[COLLECTED MATERIAL Boundary: Start]

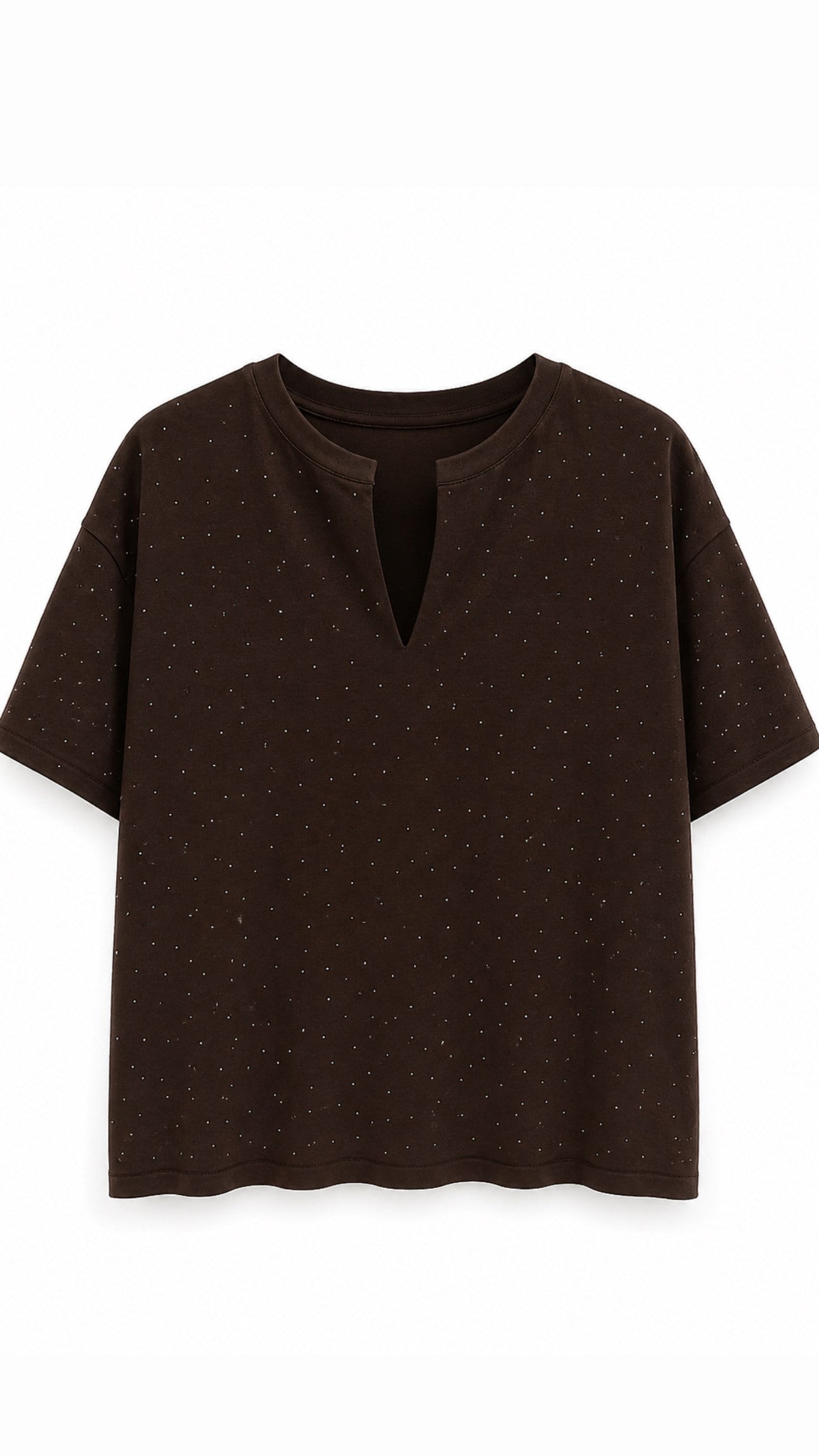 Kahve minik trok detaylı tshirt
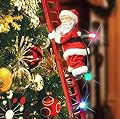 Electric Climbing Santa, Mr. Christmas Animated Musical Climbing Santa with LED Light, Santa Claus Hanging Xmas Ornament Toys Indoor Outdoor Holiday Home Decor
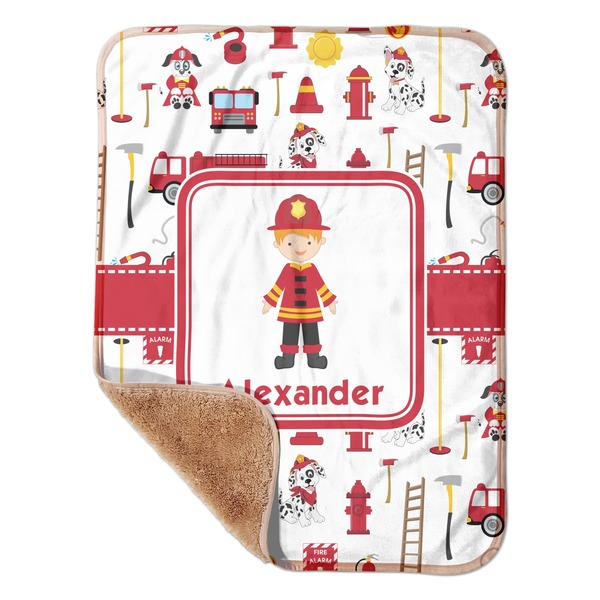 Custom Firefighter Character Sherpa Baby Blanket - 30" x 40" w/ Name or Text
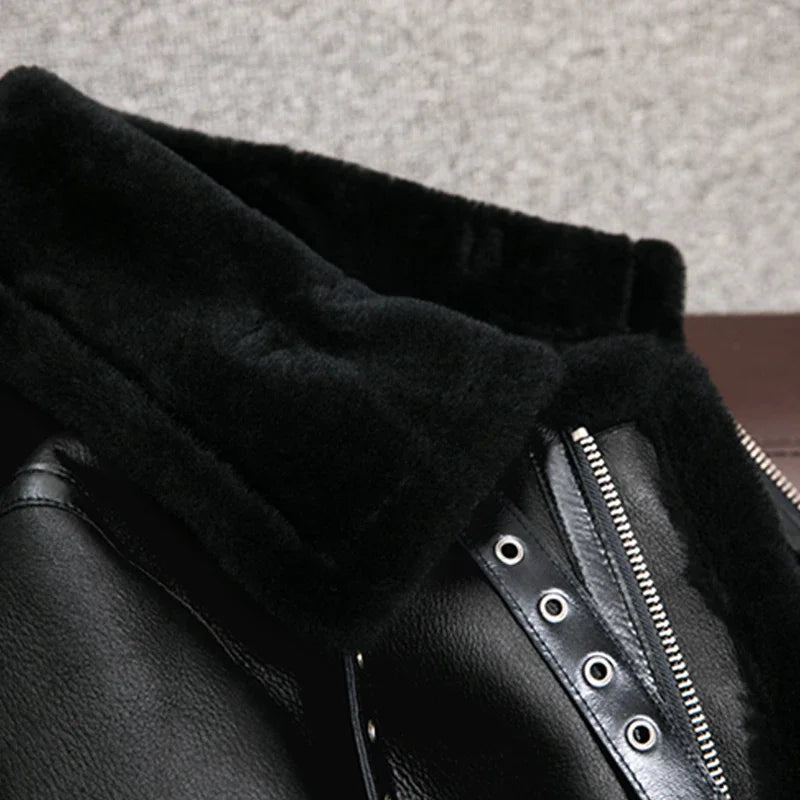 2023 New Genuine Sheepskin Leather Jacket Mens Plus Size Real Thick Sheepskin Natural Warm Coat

[COLLECTED MATERIAL Boundary: End]

▶ THE PROBLEM: The reply must consist of the complete listing, reproduced exactly, with no images.

▶ OUTPUT OF THE EXERCISE:
 Kahve minik trok detaylı tshirt
 Electric Climbing Santa, Mr. Christmas Animated Musical Climbing Santa with LED Light, Santa Claus Hanging Xmas Ornament Toys Indoor Outdoor Holiday Home Decor
 Custom Firefighter Character Sherpa Baby Blanket - 30" x 40" w/ Name or Text
 2023 New Genuine Sheepskin Leather Jacket Mens Plus Size Real Thick Sheepskin Natural Warm Coat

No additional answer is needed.